Back in December 2012, Pastor Tony Phelps briefly discussed (here) a quote by J.C. Ryle, commenting on Luke 7:35-50, that he claims supports the idea that justification has “priority…in our sanctification.” Now, I’m not sure what he means by this, but given the quote I suppose he means something like this: Sanctification is the result of the preaching, teaching and personal contemplation on justification by faith. Stated differently, Christians should be less concerned with their “performance” and more concerned with their status as justified in Christ. Expanding and deepening one’s perspective on the reality and status of justification in Christ is the means of sanctification.
The context of the Ryle quote seems to suggest, however, that Ryle is more interested in the order in salvation, not so much the means and cause. In the context, writes: “Forgiveness must go before sanctification. We shall do nothing until we are reconciled to God.” And this explains what he means by “We must work from life, and not for life.” But I do admit that a small portion of Ryle’s statements seems, at first glance, to support his contention. However, if Pastor Phelps is correct about Ryle’s intended meaning, then Ryle clearly contradicts himself in his book Holiness, as the following quotes show (all quotes from the Introduction).
As to the phrase “holiness of faith,” I find it nowhere in the New Testament. Without controversy, in the matter of our justification before God, faith in Christ is the one thing needful. All that simply believe are justified. Righteousness is imputed “to him that worketh not but believeth.” ( Romans 4:5.) It is thoroughly Scriptural and right to say “faith alone justifies.” But it is not equally Scriptural and right to say “faith alone sanctifies.” The saying requires very large qualification. Let one fact suffice. We are frequently told that a man is “justified by faith without the works of the law,” by St. Paul. But not once are we told that we are “sanctified by faith without the deeds of the law.” On the contrary, we are expressly told by St. James that the faith whereby we are visibly and demonstratively justified before man, is a faith which “if it hath not works is dead, being alone.” * ( James 2:17.)
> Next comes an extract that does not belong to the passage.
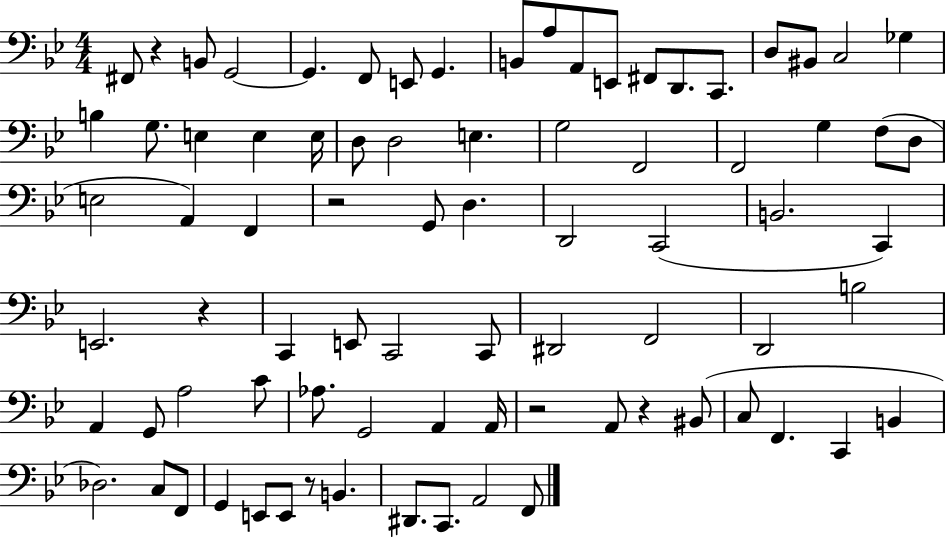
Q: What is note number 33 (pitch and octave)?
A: E3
That faith in Christ is the root of all holiness; that the first step toward a holy life is to believe on Christ; that until we believe we have not a joy of holiness; that union with Christ by faith is the secret of both beginning to be holy and continuing holy; that the life that we live in the flesh, we must live by the faith of the Son of God; that faith purifies the heart; that faith is the victory which overcome the world; that by faith the elders obtained a good report– all these are truths which no well-instructed Christians will ever think of denying. But surely the Scriptures teach us that in following holiness the true Christian needs personal exertion and work as well as faith. The very same Apostle who says in one place, “The life that I live in the flesh I live by the faith of the Son of God,” says in another place, “I fight–I run–I keep under my body;” and in other places, “Let us cleanse ourselves–let us labour, let us lay aside every weight.” ( Galatians 2:20; 1 Corinthians 9:26; 2 Corinthians 7:1; Hebrews 4:11; Hebrews 12:1.) Moreover, the Scriptures nowhere teach us that faith sanctifies us in the same sense, and in the same manner, that faith justifies us! Justifying faith is a grace that “worketh not,” but simply trusts, rests, and leans on Christ. ( Romans 4:5.)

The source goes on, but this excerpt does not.